Data minimisation. Collect only what you genuinely need for the hiring decision. An AI tool that ingests a candidate's entire social media footprint is likely collecting more than is reasonably necessary.

Cross-border disclosure. If the AI vendor stores or processes data outside Australia, the APP 8 cross-border disclosure obligations apply. Your privacy policy should reflect this, and you should confirm the vendor's data storage arrangements before signing a contract.

What to ask your AI vendor before you sign

Vendor due diligence is not optional. Before deploying any AI hiring tool, get clear answers on:

- Where candidate data is stored and processed, and which countries are involved.

- How long candidate data is retained and whether candidates can request deletion.

- What the model was trained on and whether bias testing has been conducted.

- Whether the tool produces an explainable output (a reason, not just a score) that you could reproduce in a dispute.

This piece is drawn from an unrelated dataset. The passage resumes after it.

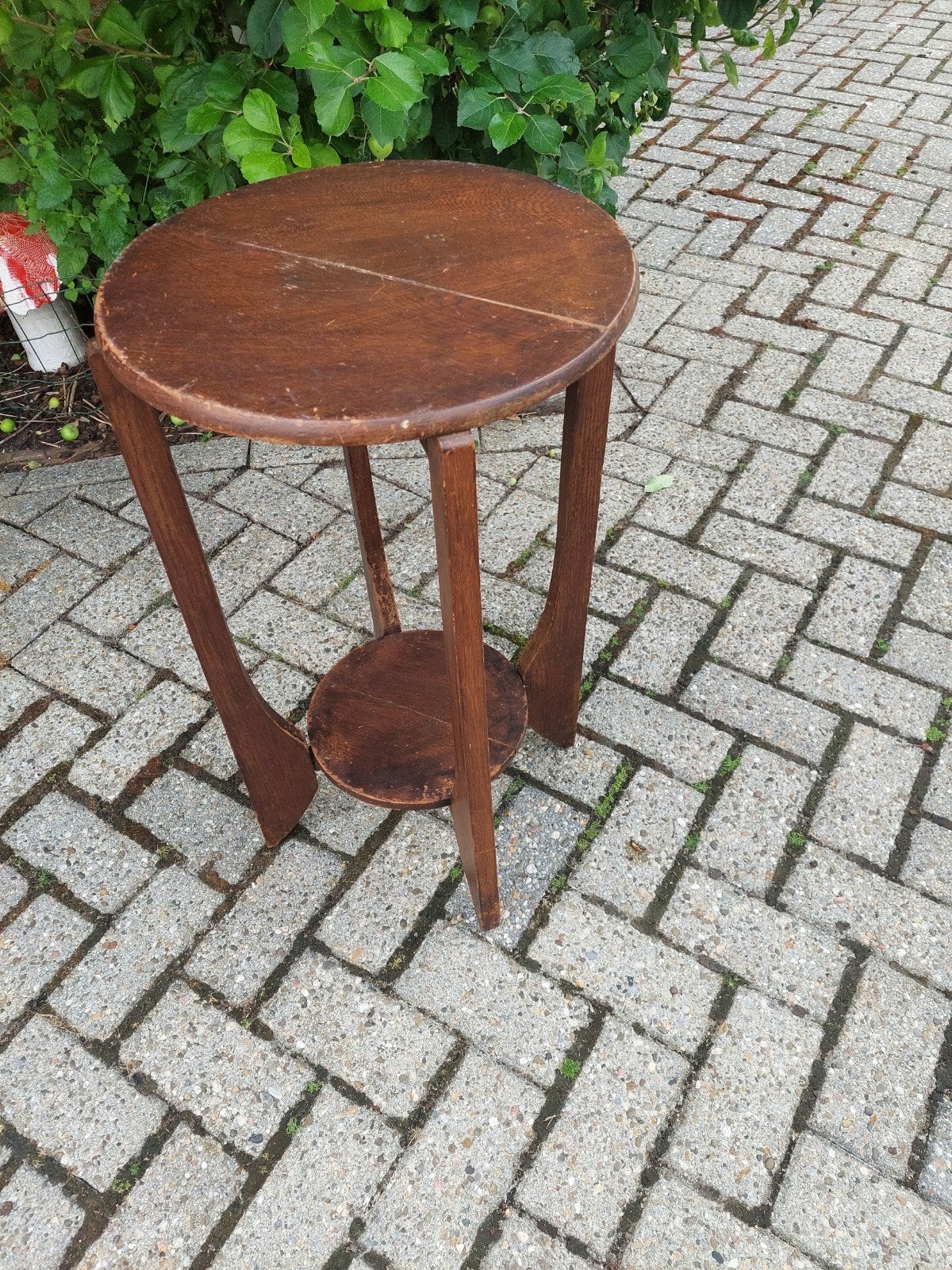 Art deco, plantentafeltje, bijzettafeltje,Amsterdamse school, Ophalen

- What the vendor's process is if the tool produces a discriminatory outcome.

If a vendor cannot answer these questions clearly, that is itself useful information.

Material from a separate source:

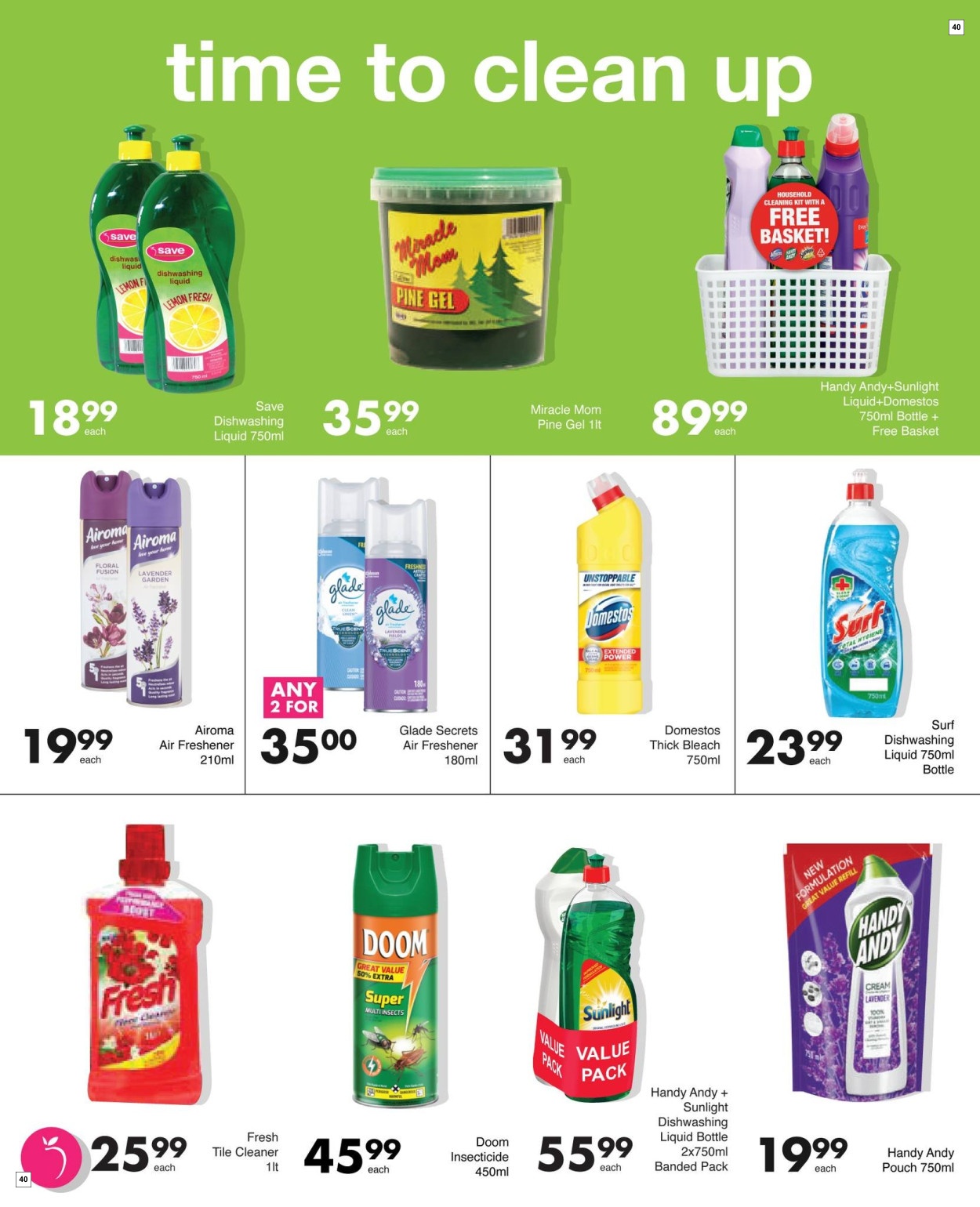Save Supermarket Specials 15 Apr - 26 Apr - Page 40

Building a defensible process

The goal is not to avoid AI in hiring — the efficiency gains are genuine. The goal is to use it in a way you could defend to a candidate, a tribunal or a regulator.

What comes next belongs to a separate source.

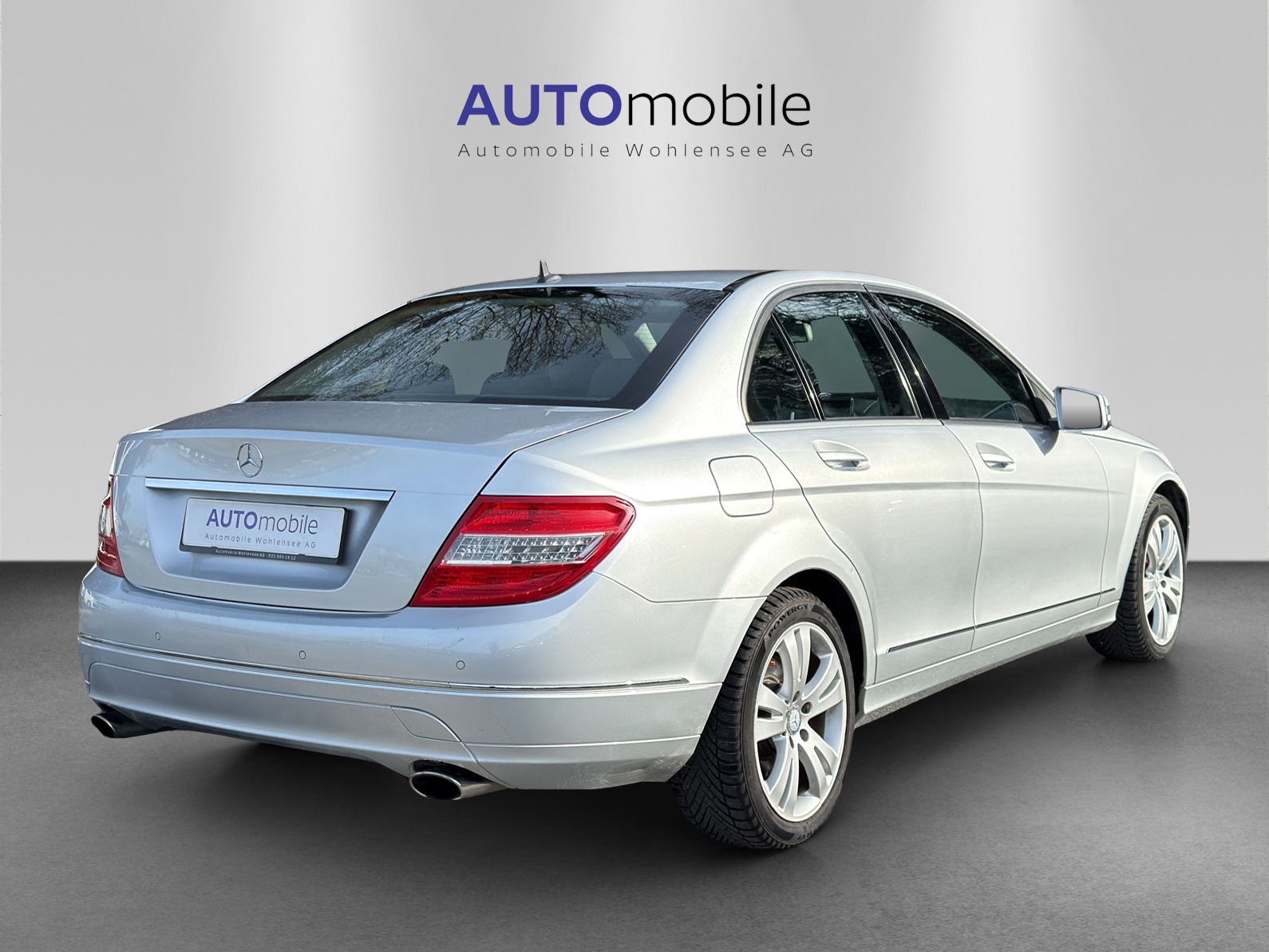 MERCEDES-BENZ C 350 Avantgarde 4Matic 7G-Tronic-image-4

A defensible process typically looks like this: set criteria tied explicitly to the role requirements, apply them consistently, use the AI output as one input rather than the final decision, keep records of how shortlisting decisions were made, and give candidates a clear avenue to raise concerns.

Candidates do not currently have a statutory right to an explanation of an automated hiring decision in Australia, but that may change. Building explainability into your process now is straightforward and protects you if the law moves in that direction — which, based on current policy signals, it is likely to do.